- EXERCISE INSTRUCTIONS -
Extract all records. Keep each one exact.
(MATERIAL TO PROCESS)
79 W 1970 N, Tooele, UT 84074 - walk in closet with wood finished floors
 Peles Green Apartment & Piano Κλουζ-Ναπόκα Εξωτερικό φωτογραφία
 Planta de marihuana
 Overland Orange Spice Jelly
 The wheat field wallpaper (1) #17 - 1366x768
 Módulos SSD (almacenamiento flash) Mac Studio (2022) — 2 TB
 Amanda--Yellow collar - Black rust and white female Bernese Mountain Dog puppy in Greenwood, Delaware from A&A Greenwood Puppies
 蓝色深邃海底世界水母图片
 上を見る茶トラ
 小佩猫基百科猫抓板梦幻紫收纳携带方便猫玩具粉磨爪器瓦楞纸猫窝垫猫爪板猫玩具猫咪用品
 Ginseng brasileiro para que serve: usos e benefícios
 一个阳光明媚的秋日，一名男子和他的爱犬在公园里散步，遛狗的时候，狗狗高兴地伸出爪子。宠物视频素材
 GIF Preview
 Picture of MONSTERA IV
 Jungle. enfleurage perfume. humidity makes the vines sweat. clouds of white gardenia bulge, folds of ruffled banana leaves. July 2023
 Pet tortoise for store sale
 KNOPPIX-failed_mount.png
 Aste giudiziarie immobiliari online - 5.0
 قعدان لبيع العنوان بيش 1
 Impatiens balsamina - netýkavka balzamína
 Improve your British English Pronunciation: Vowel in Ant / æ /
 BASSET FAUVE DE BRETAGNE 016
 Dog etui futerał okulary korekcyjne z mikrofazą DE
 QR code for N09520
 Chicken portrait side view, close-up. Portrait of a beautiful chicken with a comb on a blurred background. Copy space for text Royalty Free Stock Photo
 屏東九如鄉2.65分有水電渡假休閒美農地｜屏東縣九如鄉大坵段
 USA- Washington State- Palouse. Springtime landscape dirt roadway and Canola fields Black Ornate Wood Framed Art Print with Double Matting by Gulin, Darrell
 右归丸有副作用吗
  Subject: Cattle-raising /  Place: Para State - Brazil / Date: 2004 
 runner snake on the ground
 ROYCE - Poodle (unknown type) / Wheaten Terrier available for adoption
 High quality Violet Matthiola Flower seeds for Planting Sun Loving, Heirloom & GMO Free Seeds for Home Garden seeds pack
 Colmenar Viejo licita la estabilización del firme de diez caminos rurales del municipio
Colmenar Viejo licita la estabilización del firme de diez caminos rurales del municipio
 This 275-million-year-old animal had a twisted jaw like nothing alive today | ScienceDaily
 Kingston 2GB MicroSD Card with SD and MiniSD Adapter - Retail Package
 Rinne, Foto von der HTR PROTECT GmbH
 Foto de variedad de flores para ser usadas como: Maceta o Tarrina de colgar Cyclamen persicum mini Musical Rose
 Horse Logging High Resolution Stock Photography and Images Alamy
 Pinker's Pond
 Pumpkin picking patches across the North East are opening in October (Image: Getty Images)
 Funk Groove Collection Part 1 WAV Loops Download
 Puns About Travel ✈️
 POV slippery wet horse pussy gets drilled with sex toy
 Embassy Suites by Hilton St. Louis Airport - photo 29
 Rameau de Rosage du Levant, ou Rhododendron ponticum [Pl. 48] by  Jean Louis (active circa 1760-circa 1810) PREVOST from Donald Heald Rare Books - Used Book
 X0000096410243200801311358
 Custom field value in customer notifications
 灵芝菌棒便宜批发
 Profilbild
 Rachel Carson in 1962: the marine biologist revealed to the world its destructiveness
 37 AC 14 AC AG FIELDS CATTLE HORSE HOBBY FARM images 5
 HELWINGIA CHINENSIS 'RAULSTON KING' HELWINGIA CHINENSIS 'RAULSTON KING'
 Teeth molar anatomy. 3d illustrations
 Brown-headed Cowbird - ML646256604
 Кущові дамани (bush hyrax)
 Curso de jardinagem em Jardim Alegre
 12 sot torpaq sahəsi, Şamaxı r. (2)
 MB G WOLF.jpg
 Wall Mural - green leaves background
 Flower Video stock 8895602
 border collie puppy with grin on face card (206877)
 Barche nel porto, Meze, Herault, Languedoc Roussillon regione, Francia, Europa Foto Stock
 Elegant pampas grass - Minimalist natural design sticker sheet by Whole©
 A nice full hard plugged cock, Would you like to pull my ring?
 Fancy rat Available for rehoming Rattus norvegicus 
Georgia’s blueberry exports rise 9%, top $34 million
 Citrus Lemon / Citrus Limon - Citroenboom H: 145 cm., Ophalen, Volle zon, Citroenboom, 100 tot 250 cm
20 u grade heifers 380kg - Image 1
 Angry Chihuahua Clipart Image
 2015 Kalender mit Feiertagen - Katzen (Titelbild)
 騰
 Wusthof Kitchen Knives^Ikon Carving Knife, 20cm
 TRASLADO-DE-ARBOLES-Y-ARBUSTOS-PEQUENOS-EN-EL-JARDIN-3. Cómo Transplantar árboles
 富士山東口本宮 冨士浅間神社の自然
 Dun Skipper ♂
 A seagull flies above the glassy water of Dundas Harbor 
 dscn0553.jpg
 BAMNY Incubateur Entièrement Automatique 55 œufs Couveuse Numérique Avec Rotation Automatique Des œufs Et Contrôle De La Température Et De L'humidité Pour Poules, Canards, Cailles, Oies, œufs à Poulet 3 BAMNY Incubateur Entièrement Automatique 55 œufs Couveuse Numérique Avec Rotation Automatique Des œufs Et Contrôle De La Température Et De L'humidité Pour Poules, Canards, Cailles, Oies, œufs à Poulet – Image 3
(End MATERIAL TO PROCESS)
- EXERCISE OUTPUT -
79 W 1970 N, Tooele, UT 84074 - walk in closet with wood finished floors
 Peles Green Apartment & Piano Κλουζ-Ναπόκα Εξωτερικό φωτογραφία
 Planta de marihuana
 Overland Orange Spice Jelly
 The wheat field wallpaper (1) #17 - 1366x768
 Módulos SSD (almacenamiento flash) Mac Studio (2022) — 2 TB
 Amanda--Yellow collar - Black rust and white female Bernese Mountain Dog puppy in Greenwood, Delaware from A&A Greenwood Puppies
 蓝色深邃海底世界水母图片
 上を見る茶トラ
 小佩猫基百科猫抓板梦幻紫收纳携带方便猫玩具粉磨爪器瓦楞纸猫窝垫猫爪板猫玩具猫咪用品
 Ginseng brasileiro para que serve: usos e benefícios
 一个阳光明媚的秋日，一名男子和他的爱犬在公园里散步，遛狗的时候，狗狗高兴地伸出爪子。宠物视频素材
 GIF Preview
 Picture of MONSTERA IV
 Jungle. enfleurage perfume. humidity makes the vines sweat. clouds of white gardenia bulge, folds of ruffled banana leaves. July 2023
 Pet tortoise for store sale
 KNOPPIX-failed_mount.png
 Aste giudiziarie immobiliari online - 5.0
 قعدان لبيع العنوان بيش 1
 Impatiens balsamina - netýkavka balzamína
 Improve your British English Pronunciation: Vowel in Ant / æ /
 BASSET FAUVE DE BRETAGNE 016
 Dog etui futerał okulary korekcyjne z mikrofazą DE
 QR code for N09520
 Chicken portrait side view, close-up. Portrait of a beautiful chicken with a comb on a blurred background. Copy space for text Royalty Free Stock Photo
 屏東九如鄉2.65分有水電渡假休閒美農地｜屏東縣九如鄉大坵段
 USA- Washington State- Palouse. Springtime landscape dirt roadway and Canola fields Black Ornate Wood Framed Art Print with Double Matting by Gulin, Darrell
 右归丸有副作用吗
  Subject: Cattle-raising /  Place: Para State - Brazil / Date: 2004 
 runner snake on the ground
 ROYCE - Poodle (unknown type) / Wheaten Terrier available for adoption
 High quality Violet Matthiola Flower seeds for Planting Sun Loving, Heirloom & GMO Free Seeds for Home Garden seeds pack
 Colmenar Viejo licita la estabilización del firme de diez caminos rurales del municipio
Colmenar Viejo licita la estabilización del firme de diez caminos rurales del municipio
 This 275-million-year-old animal had a twisted jaw like nothing alive today | ScienceDaily
 Kingston 2GB MicroSD Card with SD and MiniSD Adapter - Retail Package
 Rinne, Foto von der HTR PROTECT GmbH
 Foto de variedad de flores para ser usadas como: Maceta o Tarrina de colgar Cyclamen persicum mini Musical Rose
 Horse Logging High Resolution Stock Photography and Images Alamy
 Pinker's Pond
 Pumpkin picking patches across the North East are opening in October (Image: Getty Images)
 Funk Groove Collection Part 1 WAV Loops Download
 Puns About Travel ✈️
 POV slippery wet horse pussy gets drilled with sex toy
 Embassy Suites by Hilton St. Louis Airport - photo 29
 Rameau de Rosage du Levant, ou Rhododendron ponticum [Pl. 48] by  Jean Louis (active circa 1760-circa 1810) PREVOST from Donald Heald Rare Books - Used Book
 X0000096410243200801311358
 Custom field value in customer notifications
 灵芝菌棒便宜批发
 Profilbild
 Rachel Carson in 1962: the marine biologist revealed to the world its destructiveness
 37 AC 14 AC AG FIELDS CATTLE HORSE HOBBY FARM images 5
 HELWINGIA CHINENSIS 'RAULSTON KING' HELWINGIA CHINENSIS 'RAULSTON KING'
 Teeth molar anatomy. 3d illustrations
 Brown-headed Cowbird - ML646256604
 Кущові дамани (bush hyrax)
 Curso de jardinagem em Jardim Alegre
 12 sot torpaq sahəsi, Şamaxı r. (2)
 MB G WOLF.jpg
 Wall Mural - green leaves background
 Flower Video stock 8895602
 border collie puppy with grin on face card (206877)
 Barche nel porto, Meze, Herault, Languedoc Roussillon regione, Francia, Europa Foto Stock
 Elegant pampas grass - Minimalist natural design sticker sheet by Whole©
 A nice full hard plugged cock, Would you like to pull my ring?
 Fancy rat Available for rehoming Rattus norvegicus 
Georgia’s blueberry exports rise 9%, top $34 million
 Citrus Lemon / Citrus Limon - Citroenboom H: 145 cm., Ophalen, Volle zon, Citroenboom, 100 tot 250 cm
20 u grade heifers 380kg - Image 1
 Angry Chihuahua Clipart Image
 2015 Kalender mit Feiertagen - Katzen (Titelbild)
 騰
 Wusthof Kitchen Knives^Ikon Carving Knife, 20cm
 TRASLADO-DE-ARBOLES-Y-ARBUSTOS-PEQUENOS-EN-EL-JARDIN-3. Cómo Transplantar árboles
 富士山東口本宮 冨士浅間神社の自然
 Dun Skipper ♂
 A seagull flies above the glassy water of Dundas Harbor 
 dscn0553.jpg
 BAMNY Incubateur Entièrement Automatique 55 œufs Couveuse Numérique Avec Rotation Automatique Des œufs Et Contrôle De La Température Et De L'humidité Pour Poules, Canards, Cailles, Oies, œufs à Poulet 3 BAMNY Incubateur Entièrement Automatique 55 œufs Couveuse Numérique Avec Rotation Automatique Des œufs Et Contrôle De La Température Et De L'humidité Pour Poules, Canards, Cailles, Oies, œufs à Poulet – Image 3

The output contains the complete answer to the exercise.